╭──

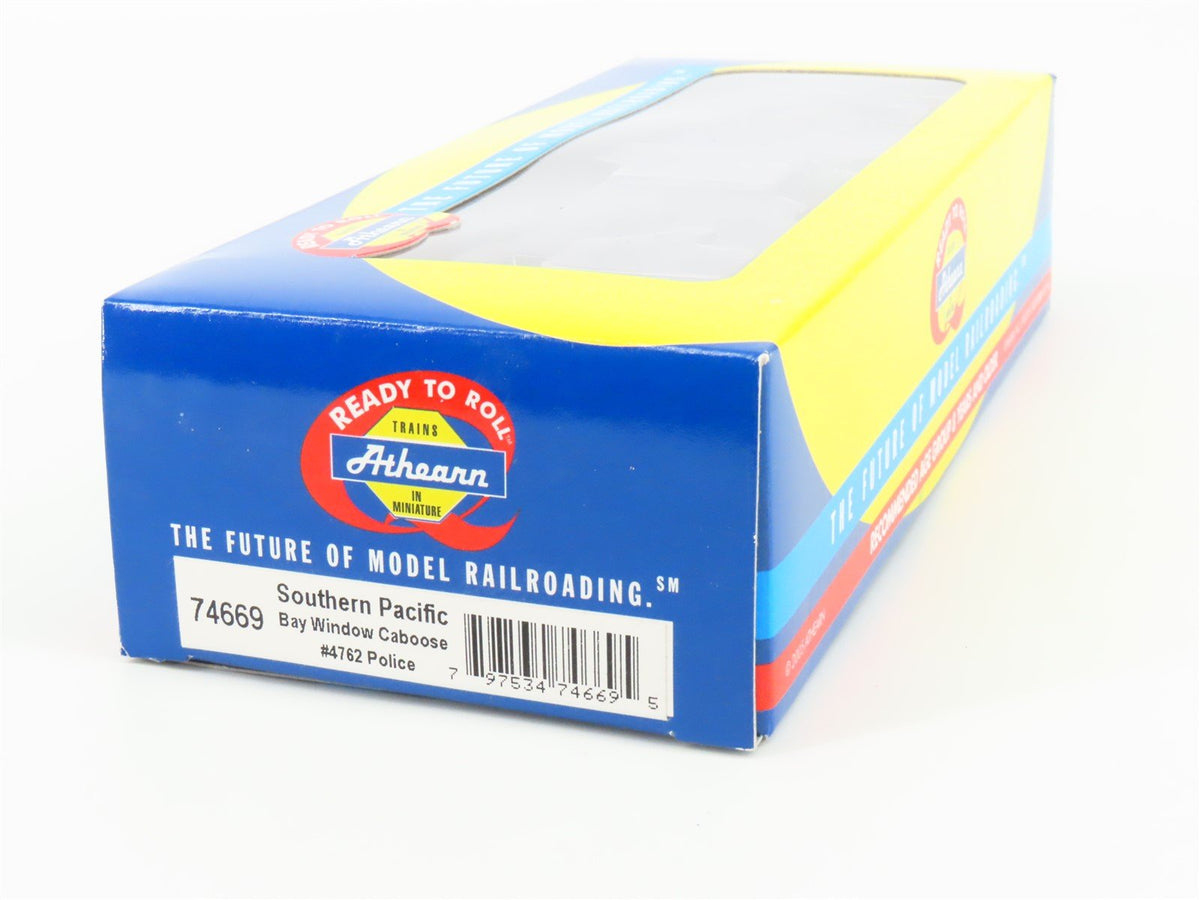 HO Athearn 74669 SP Southern Pacific Railroad Police Bay Window Caboose #4762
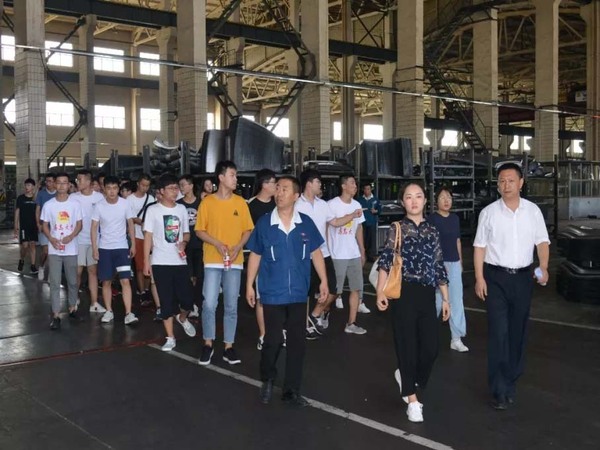 高校大学生来VSport体育集团科普基地实践学习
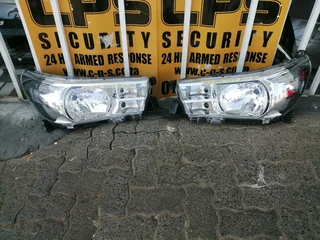 TOYOTA HILUX GD6 HEADLIGHTS 2016 TO 2020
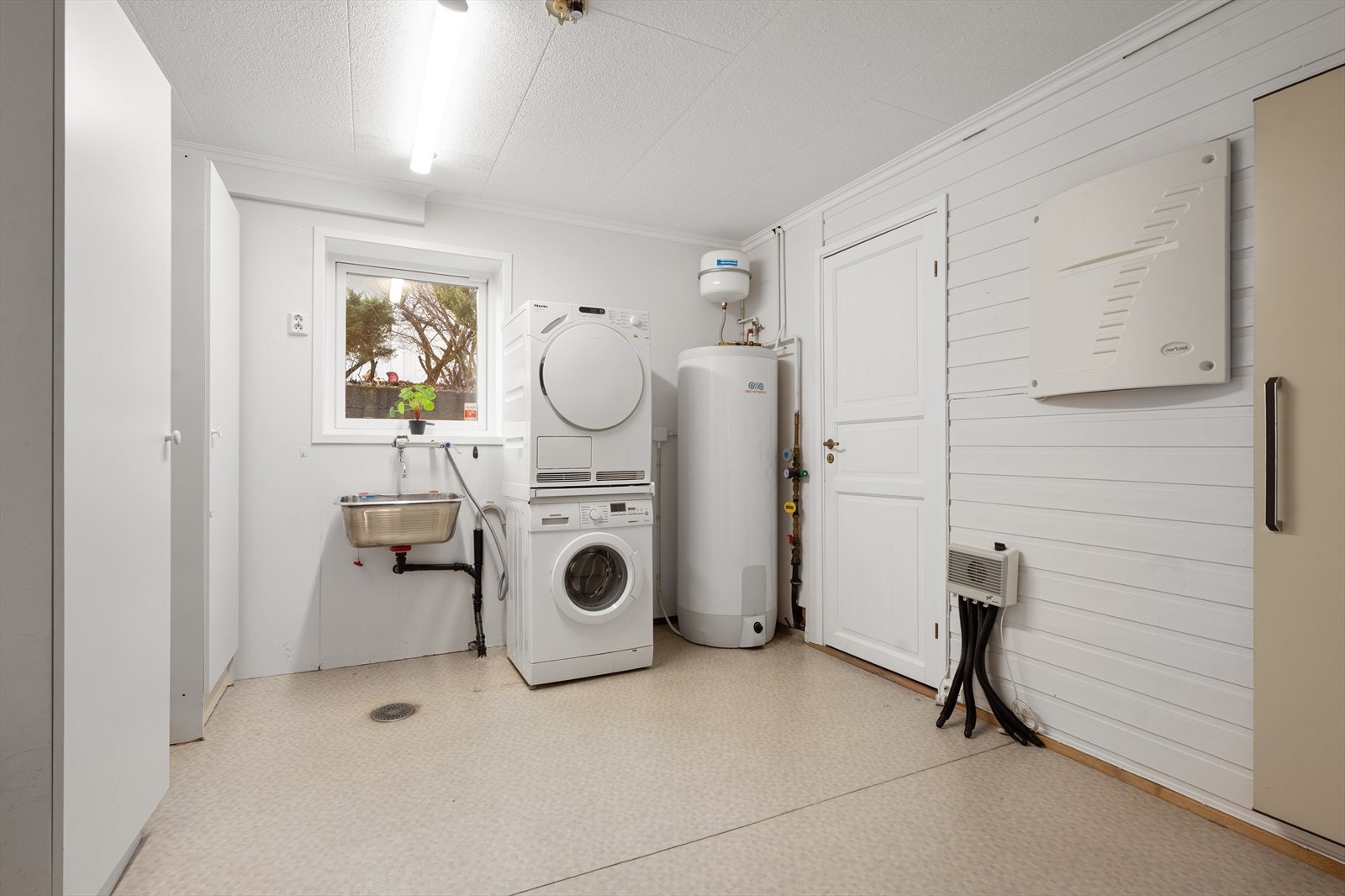 Separat vaskerom med en 300-liters varmtvannsbereder fra 2020 og varmekabler i gulvet. Galleribilde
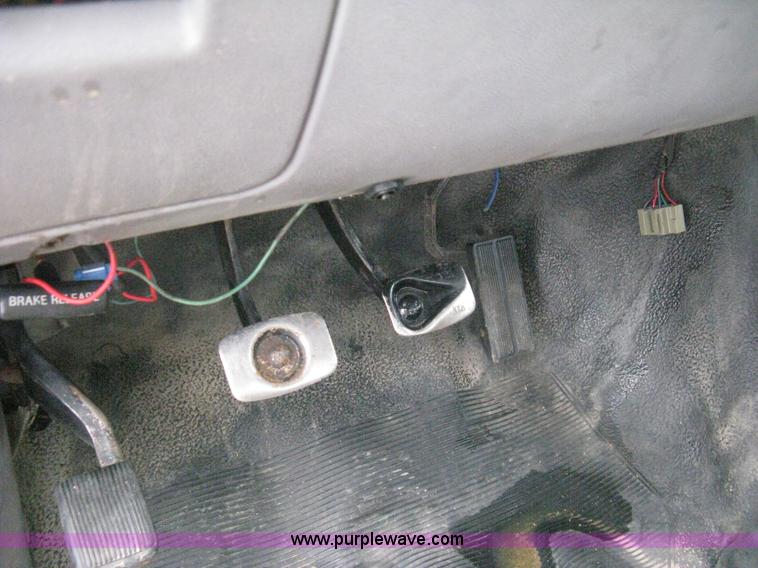 image for item H6490 1997 Ford F250 SuperCab utility truck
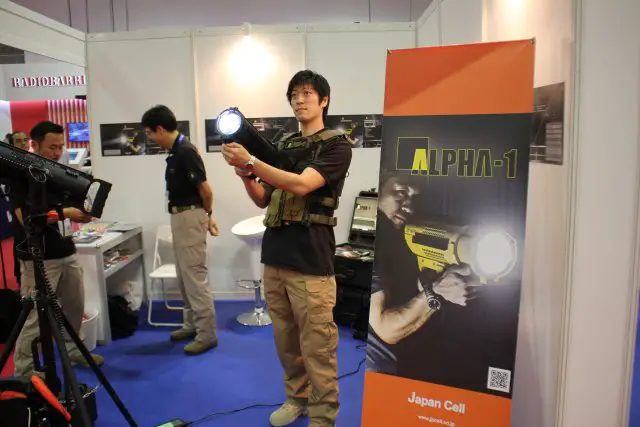 Japan Cell presents its new ALPHA 1 portable searchlight illumination at APHS 2015 640 001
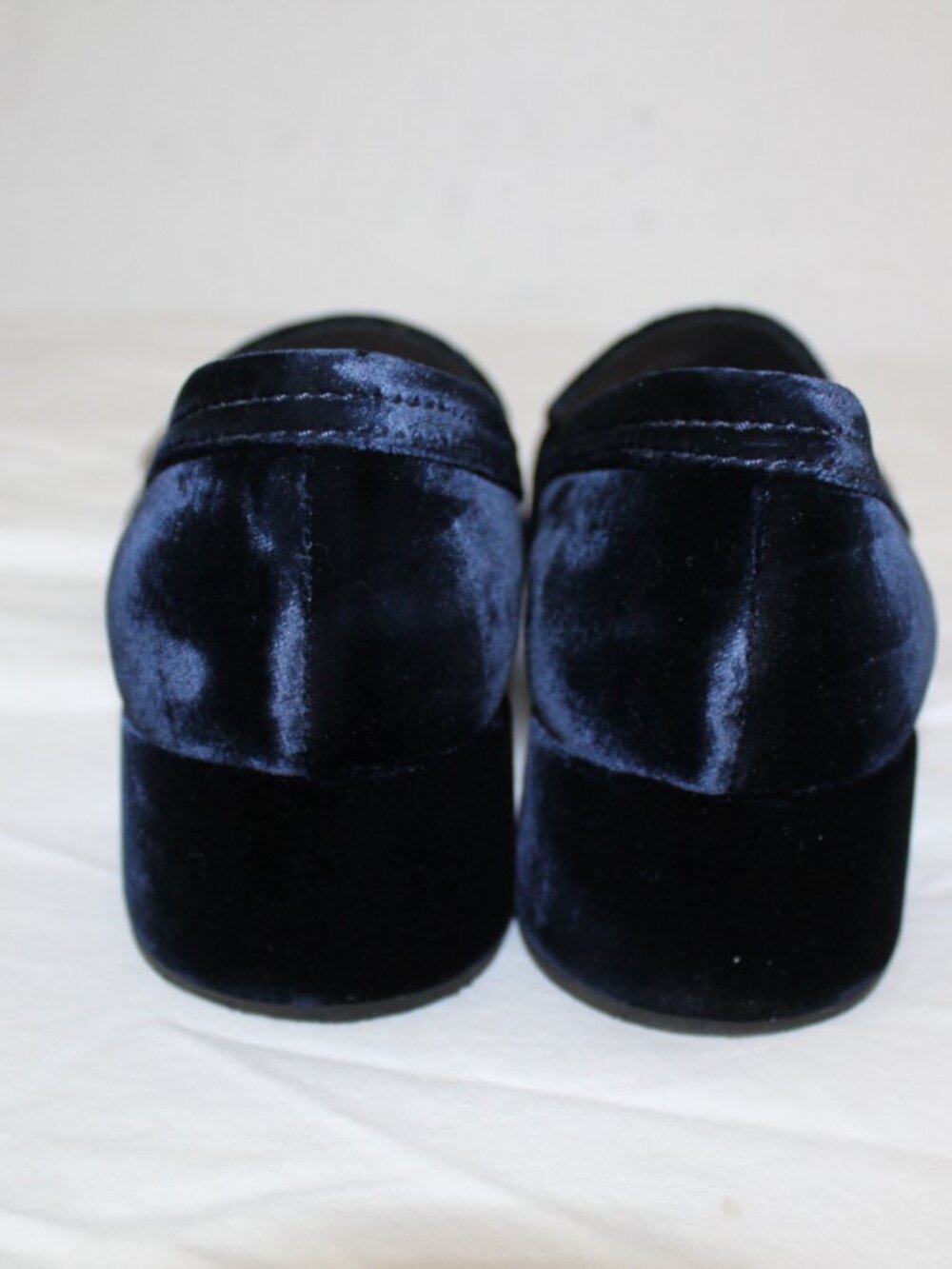 MIU MIU Embellished Faux Pearl Velvet Loafers Slip Ons Pumps Blue Chunk Heel 40 - Picture 7 of 7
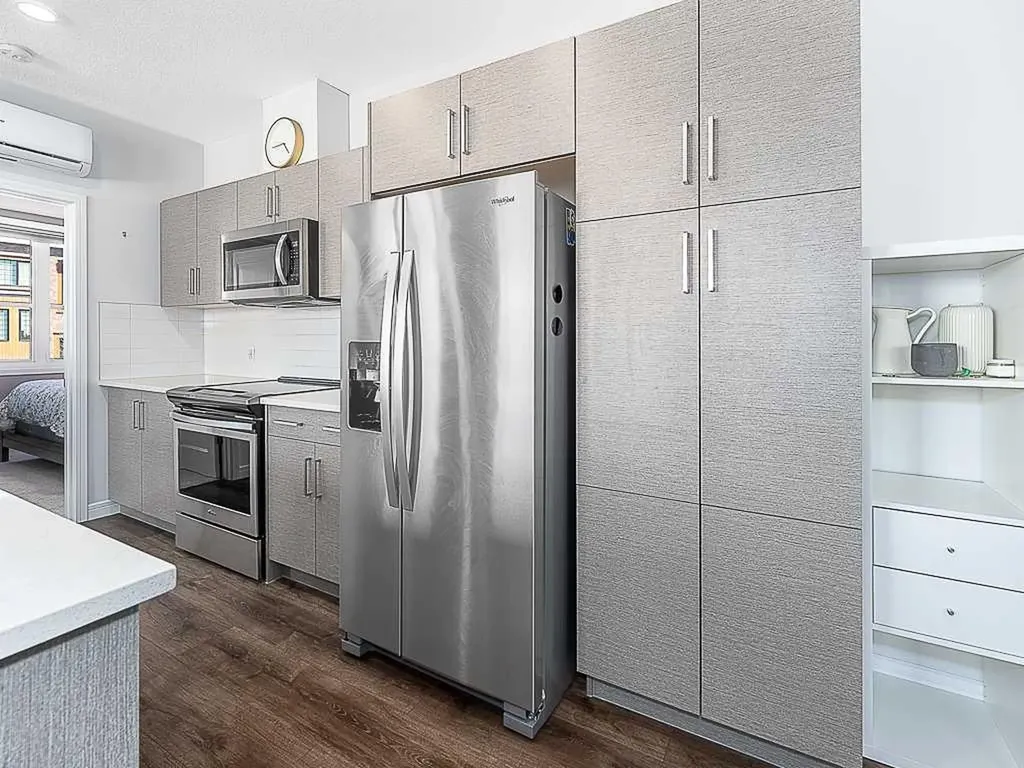 80 Greenbriar Place NW Calgary AB T3B 6J4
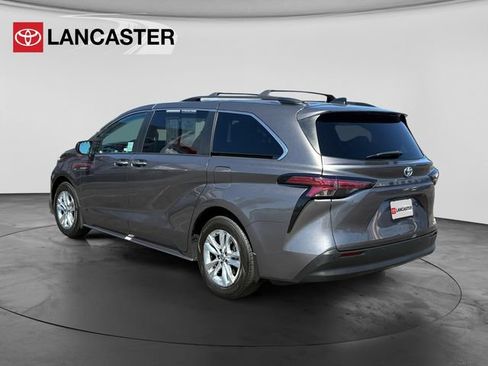 Certified 2022 Toyota Sienna XLE w/ XLE Plus Package FWD image 5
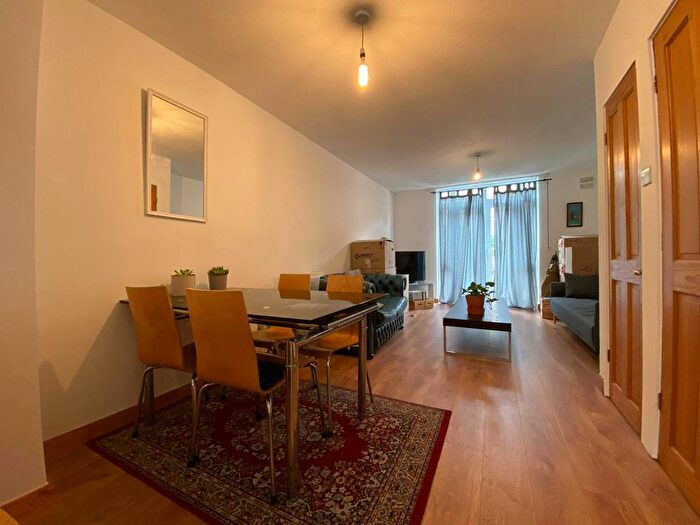 2 Bedroom Maisonette To Rent In Geffrye Street, Shoreditch, E2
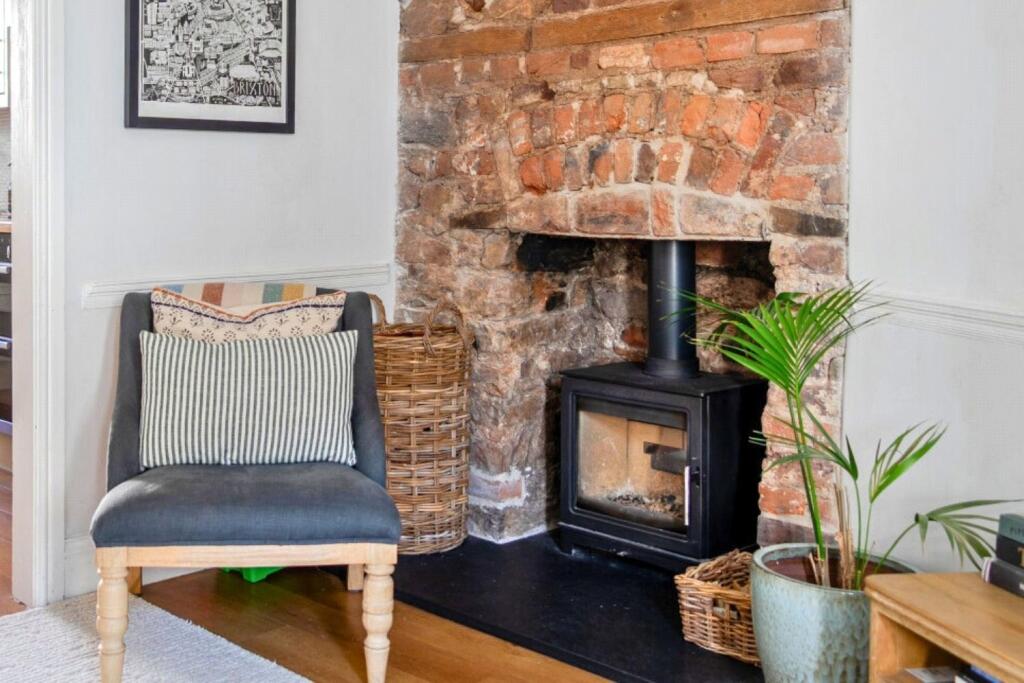 House in Exeter, Topsham - View 2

╰──

Return exactly the lines that begin with the one containing "2 Bedroom Maisonette" and end with the final line of the data above; include no pictures.

### THE COMPLETED TASK
 2 Bedroom Maisonette To Rent In Geffrye Street, Shoreditch, E2
 House in Exeter, Topsham - View 2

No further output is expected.